まぁ、阿佐宮九曜のやろうとしてたことは到底許されることじゃなかったからな……。ちなみに、岩山田は元に戻って、以前より大人しくなっている。
「げへへっ……な、永遠の奴、あのとき、俺のことも大事って言ってたよな……ちっ、……し、しょうがねぇ奴だぜ……へへっ」
なんか岩山田から気持ちの悪い視線が来ている気がするが……あえて気がつかないフリをしよう。さ、寒気がっ。
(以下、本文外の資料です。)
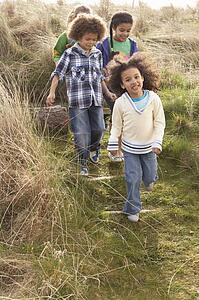 Group Of Children Playing In Field Together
……っていうか、え? 岩山田、この世界の秘密に気がついていないか? うわぁ……なんかしらんが、嫌な気分だ。というか、俺のことそんな熱っぽく見ないで、お願いだから!
デレ岩山田とか世界のどこに需要があるんだっ! 普通、物語の最後にデレるのってヒロインだろ!? どう見ても俺のネット小説はおかしいだろ!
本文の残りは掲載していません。